> [Exercise objective]
A verbatim copy is needed of the lines below from the one containing "Villa kaufen in" up to and including the one containing "ヘアースペース 練馬店(hair space", excluding pictures.

::: Given data

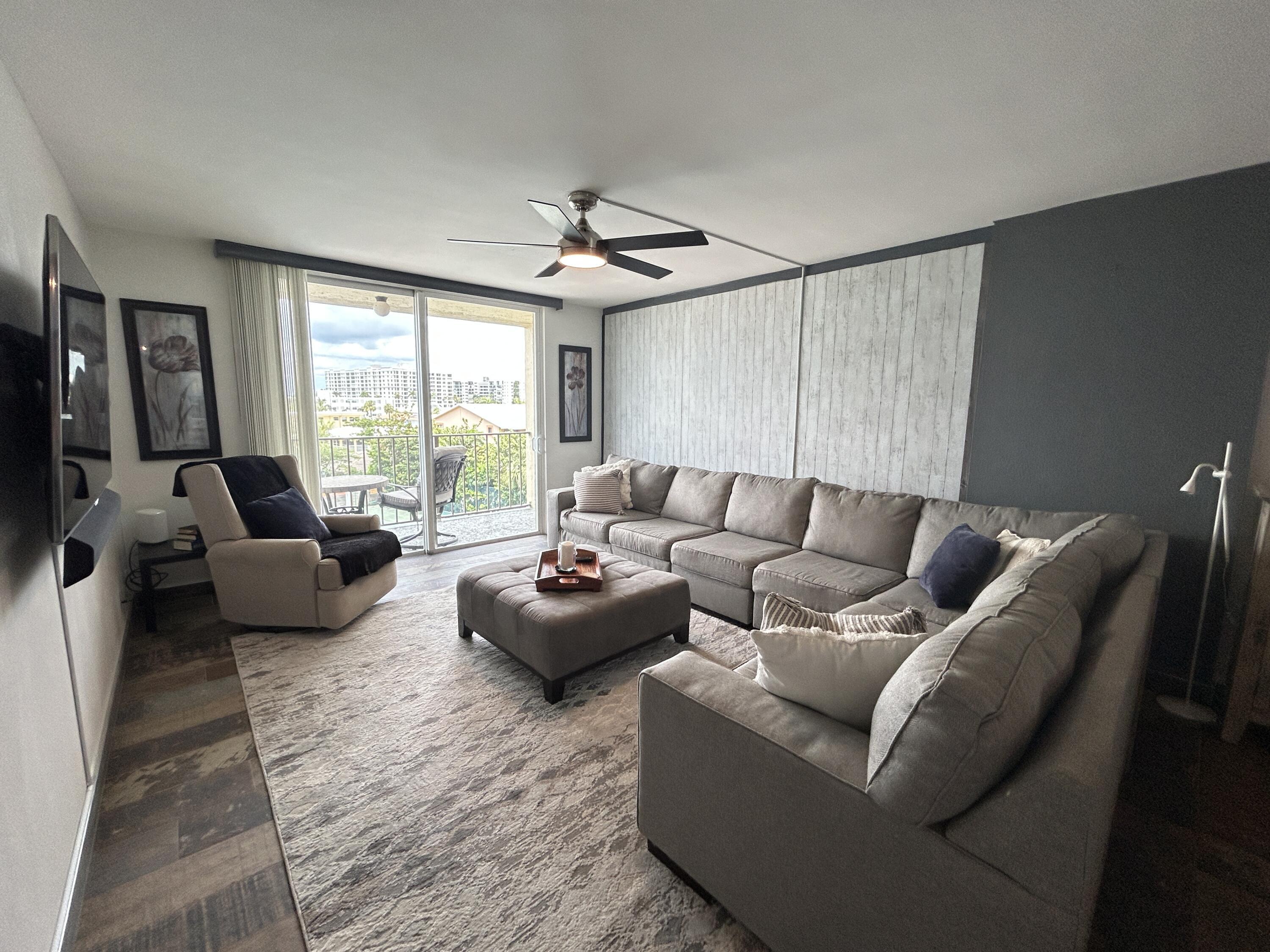 1009 N OCEAN Boulevard N 401, Pompano Beach, FL 33062, Pompano Beach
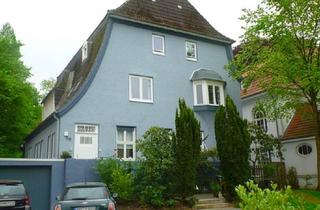 Villa kaufen in Marienstraße 30, 24534 Innenstadt, Stilvolle Jugendstil-Villa in Bestlage – Denkmalgeschütztes Juwel mit modernem Komfort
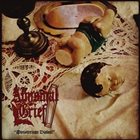 ABYSMAL GRIEF Legione Occulta / Ministerium Diaboli album cover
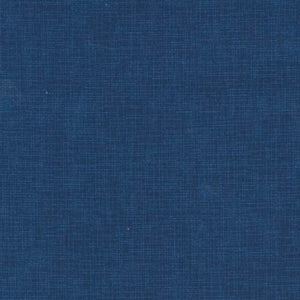 Quilter's Linen Blue 9864-213 from Robert Kaufman by the yard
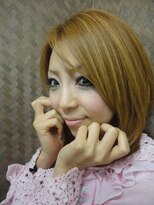 ヘアースペース 練馬店(hair space COCO)&nbsp;【ご予約TEL：0359469344】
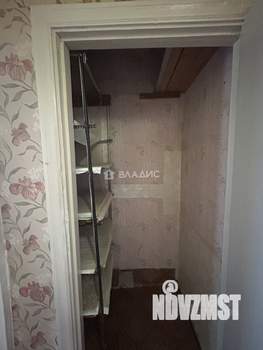 1-к квартира, вторичка, 30м2, 3/5 этаж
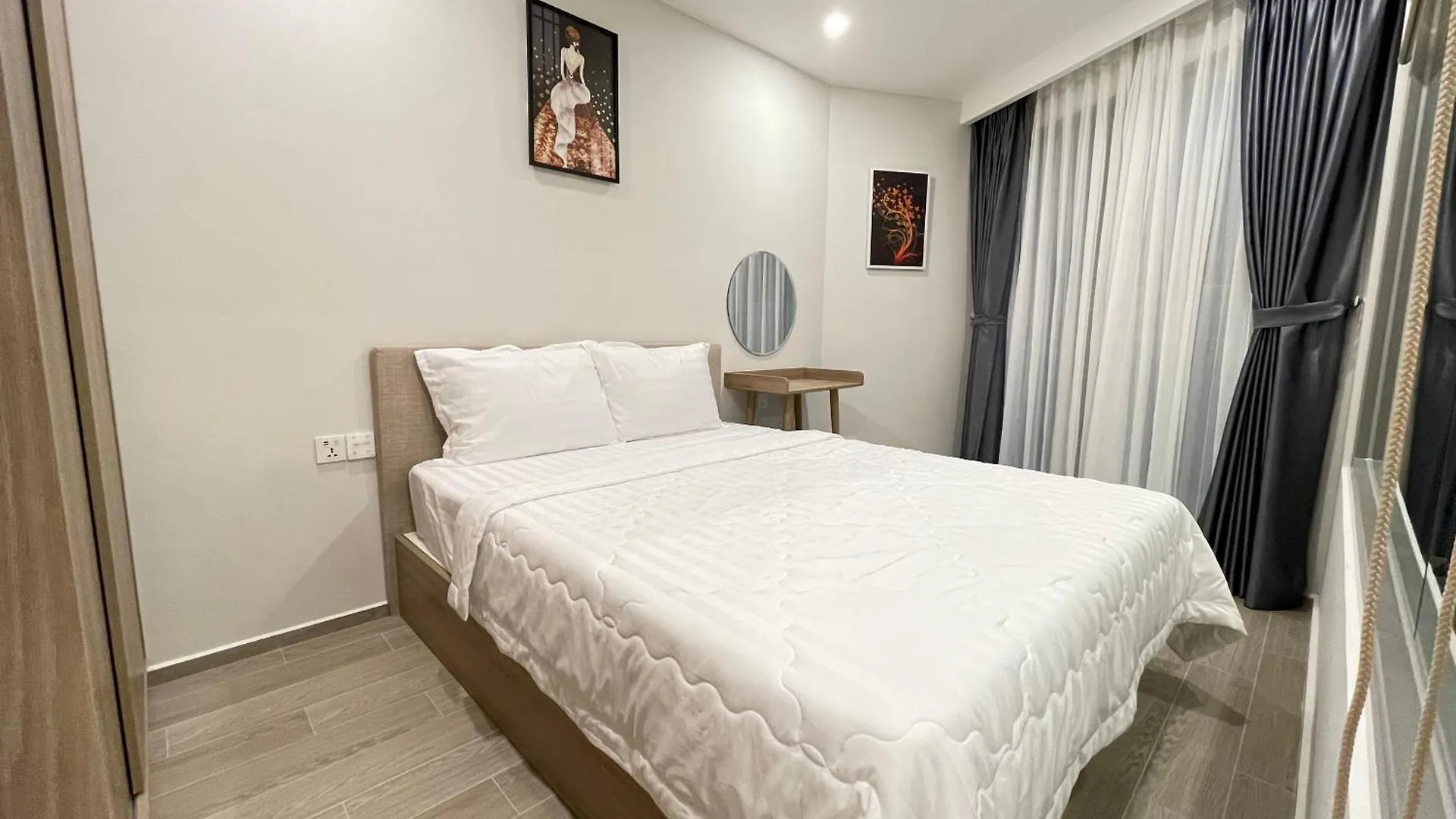 The Song Marine Vung Tau Apartment Vietnam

::::::

> [Response to this task]
 Villa kaufen in Marienstraße 30, 24534 Innenstadt, Stilvolle Jugendstil-Villa in Bestlage – Denkmalgeschütztes Juwel mit modernem Komfort
 ABYSMAL GRIEF Legione Occulta / Ministerium Diaboli album cover
 Quilter's Linen Blue 9864-213 from Robert Kaufman by the yard
 ヘアースペース 練馬店(hair space COCO)&nbsp;【ご予約TEL：0359469344】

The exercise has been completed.